▶ **Action item**:
Your answer should consist solely of the lines from the first line of the data through the line with "Obraz premium Mountainous", each reproduced exactly.

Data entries

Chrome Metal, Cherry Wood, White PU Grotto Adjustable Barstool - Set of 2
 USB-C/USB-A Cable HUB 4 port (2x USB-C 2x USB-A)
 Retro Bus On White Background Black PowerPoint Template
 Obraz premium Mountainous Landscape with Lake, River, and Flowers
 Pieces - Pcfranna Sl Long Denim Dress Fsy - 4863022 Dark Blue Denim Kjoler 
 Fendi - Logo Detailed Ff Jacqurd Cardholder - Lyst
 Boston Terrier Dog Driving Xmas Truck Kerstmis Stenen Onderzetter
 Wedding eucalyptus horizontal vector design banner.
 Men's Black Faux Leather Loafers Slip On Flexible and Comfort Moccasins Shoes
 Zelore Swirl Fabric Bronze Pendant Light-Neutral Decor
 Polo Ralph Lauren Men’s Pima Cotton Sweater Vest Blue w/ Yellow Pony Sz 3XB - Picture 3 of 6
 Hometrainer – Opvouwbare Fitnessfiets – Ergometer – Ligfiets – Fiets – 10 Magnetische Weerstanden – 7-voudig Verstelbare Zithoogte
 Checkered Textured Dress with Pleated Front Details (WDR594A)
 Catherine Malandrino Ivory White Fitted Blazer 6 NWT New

▶ **Result for this exercise**:
Chrome Metal, Cherry Wood, White PU Grotto Adjustable Barstool - Set of 2
 USB-C/USB-A Cable HUB 4 port (2x USB-C 2x USB-A)
 Retro Bus On White Background Black PowerPoint Template
 Obraz premium Mountainous Landscape with Lake, River, and Flowers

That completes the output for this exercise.